O globo, n. 30153, 26/02/2016. Rio, p. 9

Uma nova ameaça do zika

 

Gestante sem sintomas perdeu feto que tinha, além de severa microcefalia, raras deformações

Caso de bebê com raras deformações e microcefalia intriga médicos. Pela primeira vez, mãe teve zika assintomática e contagiou feto. A tragédia de uma jovem mãe de Salvador, na Bahia, levou à descoberta de outros tipos de defeitos congênitos com possível associação à infecção pelo zika. A diferença neste caso é que a paciente assegura não ter apresentado sintomas do vírus. No entanto, o feto tinha o zika no cérebro e na medula e morreu em consequência de uma série de malformações. É o primeiro caso relatado em revista científica de hidranencefalia, hidropsia e aborto espontâneo relacionados ao zika.

A jovem sofreu o aborto na 32 ª semana de gestação. O feto, uma menina, tinha hidranencefalia — não confundir com hidrocefalia. Neste caso, o feto não tinha a maior parte do cérebro. O crânio estava preenchido em sua maior parte por fluidos. O feto apresentava ainda microcefalia severa e artrogripose, que causa malformação grave dos membros. Tinha também hidropsia, um distúrbio congênito no qual pulmões e outros órgãos e tecidos se enchem de fluidos.

Publicado na revista científica “PLOS Neglected Tropical Diseases”, o estudo do caso foi realizado por uma equipe do Hospital Geral Roberto Santos, em Salvador. A pesquisa foi liderada por Alberto Ko, da Universidade de Yale ( nos Estados Unidos), e Antônio Raimundo de Almeida, da Universidade Federal da Bahia. Contou ainda com cientistas de outras instituições brasileiras e americanas.

— Estamos numa corrida porque é uma situação muito grave.
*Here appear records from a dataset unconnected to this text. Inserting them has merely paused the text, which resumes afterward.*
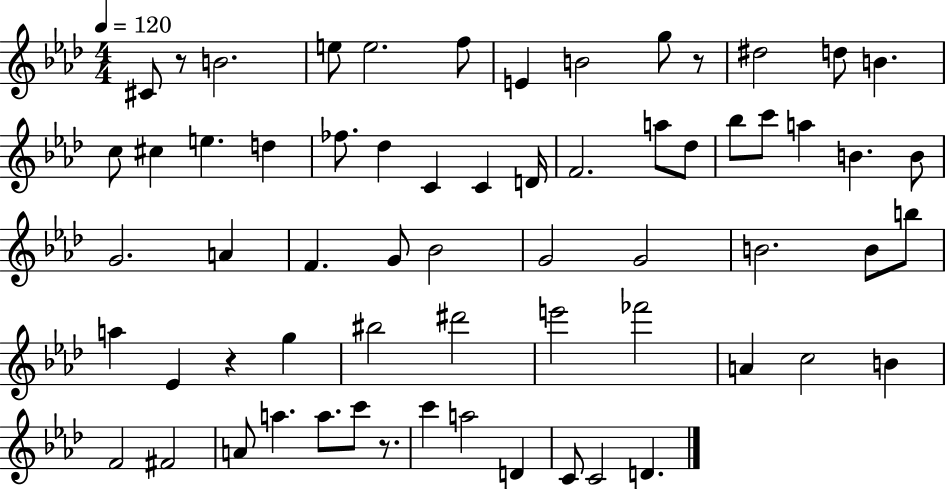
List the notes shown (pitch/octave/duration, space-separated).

C#4/e R/e B4/h. E5/e E5/h. F5/e E4/q B4/h G5/e R/e D#5/h D5/e B4/q. C5/e C#5/q E5/q. D5/q FES5/e. Db5/q C4/q C4/q D4/s F4/h. A5/e Db5/e Bb5/e C6/e A5/q B4/q. B4/e G4/h. A4/q F4/q. G4/e Bb4/h G4/h G4/h B4/h. B4/e B5/e A5/q Eb4/q R/q G5/q BIS5/h D#6/h E6/h FES6/h A4/q C5/h B4/q F4/h F#4/h A4/e A5/q. A5/e. C6/e R/e. C6/q A5/h D4/q C4/e C4/h D4/q.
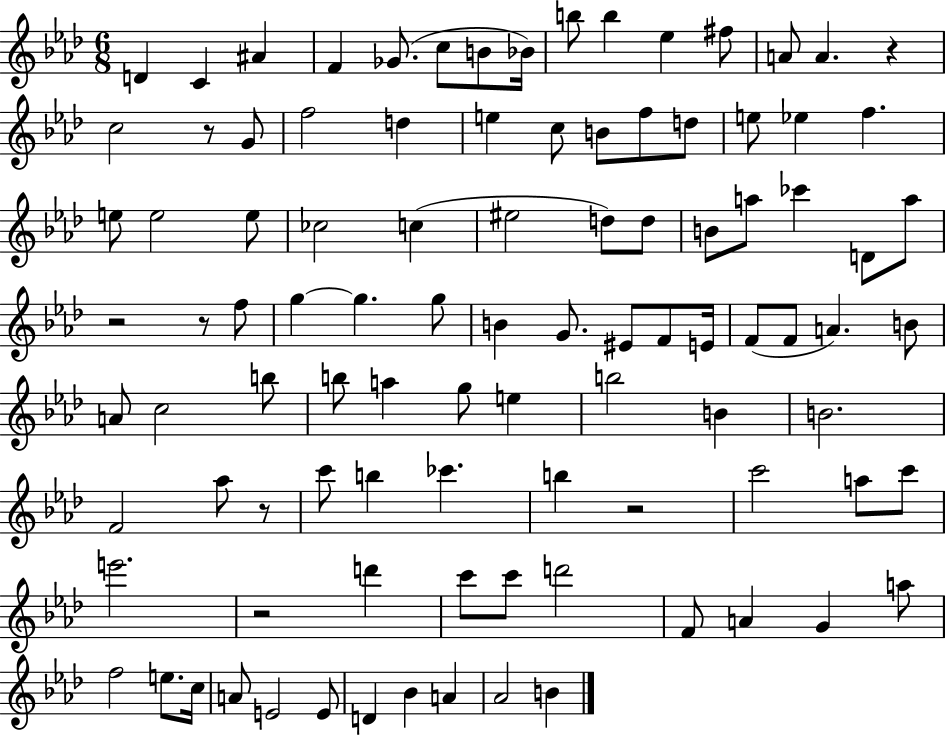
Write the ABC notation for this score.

X:1
T:Untitled
M:6/8
L:1/4
K:Ab
D C ^A F _G/2 c/2 B/2 _B/4 b/2 b _e ^f/2 A/2 A z c2 z/2 G/2 f2 d e c/2 B/2 f/2 d/2 e/2 _e f e/2 e2 e/2 _c2 c ^e2 d/2 d/2 B/2 a/2 _c' D/2 a/2 z2 z/2 f/2 g g g/2 B G/2 ^E/2 F/2 E/4 F/2 F/2 A B/2 A/2 c2 b/2 b/2 a g/2 e b2 B B2 F2 _a/2 z/2 c'/2 b _c' b z2 c'2 a/2 c'/2 e'2 z2 d' c'/2 c'/2 d'2 F/2 A G a/2 f2 e/2 c/4 A/2 E2 E/2 D _B A _A2 B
Nós, que somos médicos e estamos na linha de frente, ficamos muito incomodados com o que está acontecendo — diz Antônio Raimundo, que é diretor- geral do Hospital Roberto Santos.

MÃE CORRIA RISCO DE VIDA

A jovem foi encaminhada ao hospital após a detecção, na 18 ª semana de gestação, de defeitos congênitos no feto. Estes só se agravaram à medida que a gravidez evoluía. Até que, no oitavo mês, ela começou a abortar e teve o parto induzido, devido ao risco de vida para a mãe. O bebê nasceu morto.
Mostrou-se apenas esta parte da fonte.